Domestic blockchain start-ups mop up over $5.3 million since 2016

Indian blockchain startups raised over $5.3 million between January 2016 and April this year, either from venture capital (VC) funds, individual investors and institutions, or through initial coin offerings (ICOs). Globally, blockchain start-ups raised around $1.3 billion from VC funds last year.

Several companies, particularly in the banking and finance industry, have initiated blockchain proof-of-concepts (POCs) to improve operations. Blockchain projects are being deployed for both private-internal use as well as to improve global operations, in the case of inter-bank transactions, for example.

“Blockchain is another hotbed of investment right now as the sector is seeing continued backing of investors due to a variety of solutions that have come to the fore in recent days. There are solutions like signed consent, document fraud detection, cross border transactions and remittances which are being taken up,” said Vivek Belgavi, partner and fintech leader, PWC.

The table above lists some of the top start-ups in the blockchain space that have raised funds from investors and VCs.

“There has been phenomenal interest in blockchain companies with VC participation, but they’ve been slightly circumspect about the viability of some of these start-ups,” said Vidhya Shankar, partner at Grant Thornton India LLP.

The most recent start-up to raise funds is Elemential Labs, a platform which allows developers to build and manage blockchain applications at scale. It recently raised $720,000 from Matrix India Asset Advisors, Eight Innovate Ventures and Investopad, among others.

When VCs or angel investors /institutions invest money in a startup, there is a fair amount of equity dilution to the promoter/founder shareholding, while the VC fund or investor gains a board seat and has a significant decision making power.

To circumvent the traditional funding route, many blockchain start-ups, in the country and globally, have opted to raise funds through ICOs.

However, due to the government and Reserve Bank of India’s (RBI’s) apprehension towards crypto currencies, start-ups are offering ICOs in countries with friendly policies like Switzerland, Bulgaria, Estonia, Singapore or Japan.

“Many Indian start-ups, I know, raised funds from ICOs abroad. Therefore, the data 

($ 5.3 million) cited is actually a lower estimate,” said Akash Gaurav, CEO of the Auxesis Group, a blockchain and distributed ledger solutions provider.

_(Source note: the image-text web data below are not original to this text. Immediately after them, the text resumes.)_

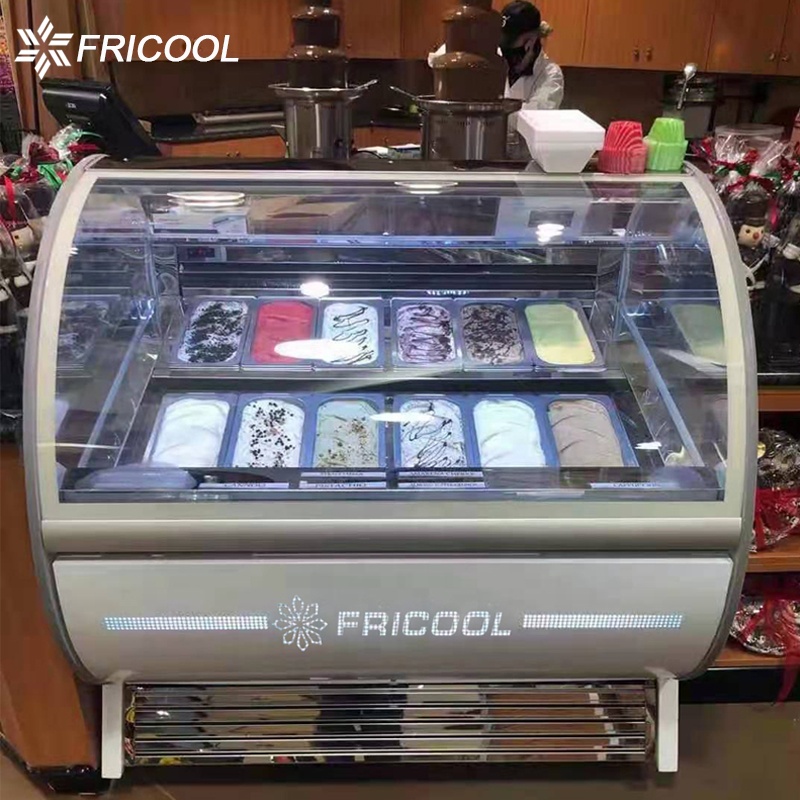 7.5 AMPS Glass Top Ice Cream Showcase Display Freezer 1000L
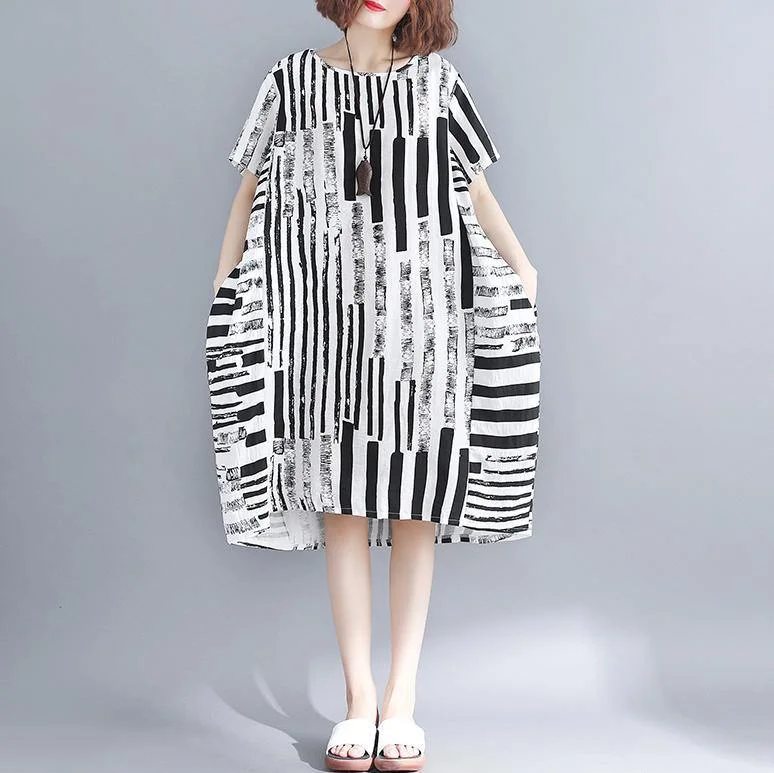 2019 black cotton blended shift dress plus size clothing casual dress Elegant short sleeve Geometric O neck asymmetric knee dresses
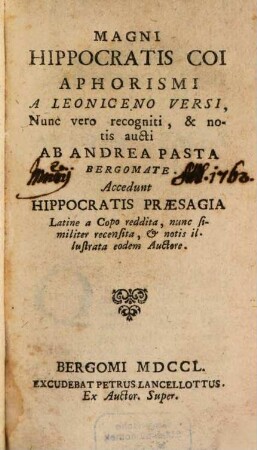 Magni Hippocratis Coi Aphorismi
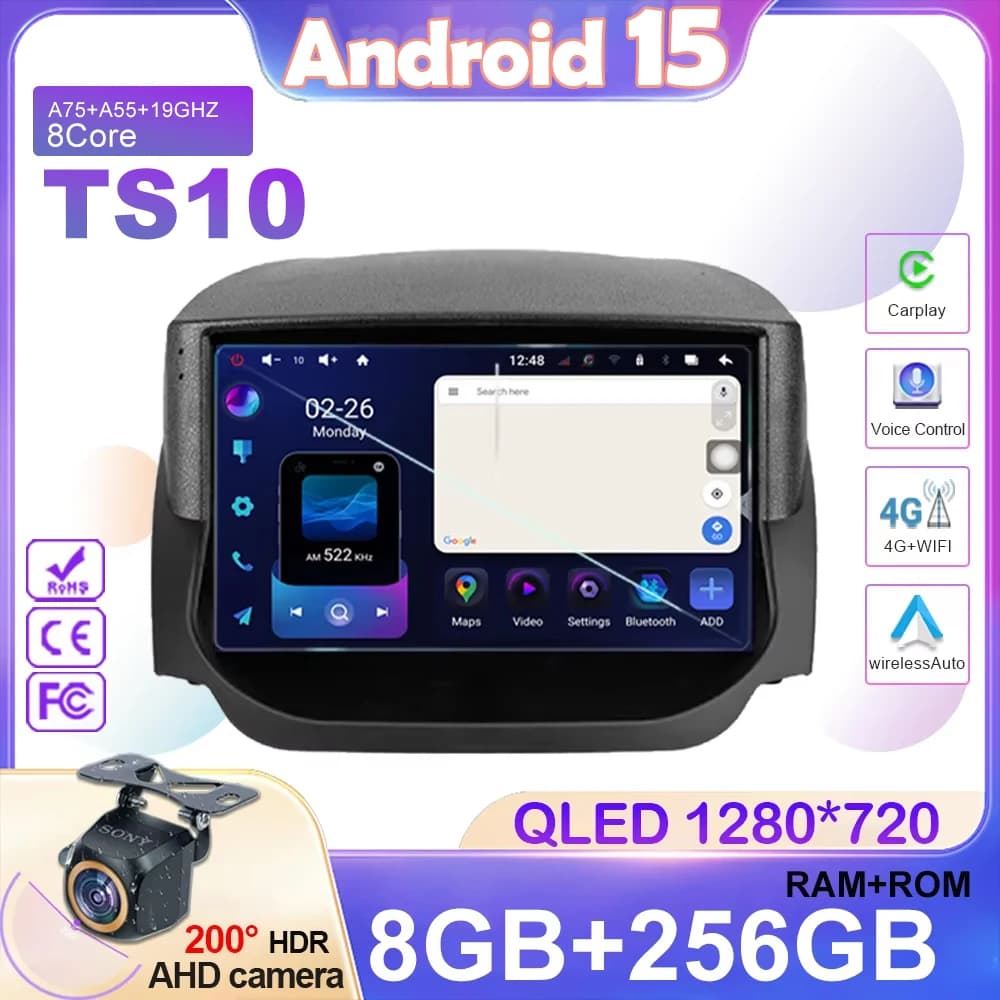 Android 15 Carplay Auto Per Ford EcoSport Eco Sport 2014 2015 2016 2017 2018 Multimediale Auto Radio Lettore Video BT + 4G DSP Stereo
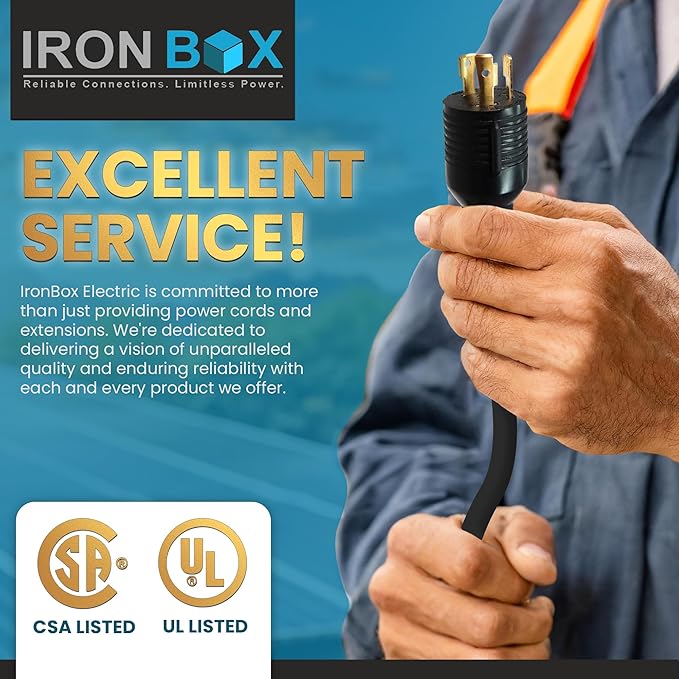 IronBox Electric NEMA L6-30P to C19 Power Cord - 20Amp, 250V, 12/3 SJT - UL Listed Heavy Duty Power Extension Cable for Generator, Data Centers, Outdoor Use, High-Powered Applications & More (8 ft)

Auxesis has been a purely bootstrapped firm without any seed funding from VCs but it recently launched an ICO for its flagship product ‘AuxLedger’ and plans to reach its target of $20 million by the end of September.

An ICO is like an initial public offering, where, instead of a draft Red Herring prospectus, which lists and explains the business history, operational aspects of the company and plans for the future, there is a white paper explaining the technology behind their product.

“In a security or asset, there is an expectation of an increase in value or returns, whereas for majority of the ICOs there is nothing of that sort. Some do have an underlying business proposition; these could be called utility tokens,” Shankar said.

Gaurav added that VCs look at the company’s valuation and plan while investing but it’s not the same for ICO-based companies. 

Source: News Corp VCCEdge
“But in the case of companies like ours, ‘token-nomics’ is what matters. That is, how the tokens will be governed over time,” he said.

Recently, the spate of fraudulent ICOs have caught reputable investors off-guard, with experts estimating that around 80 per cent of new ICOs are fake. Therefore, understanding the fundamentals of assets and business proposition of a blockchain company is important before investing, said experts.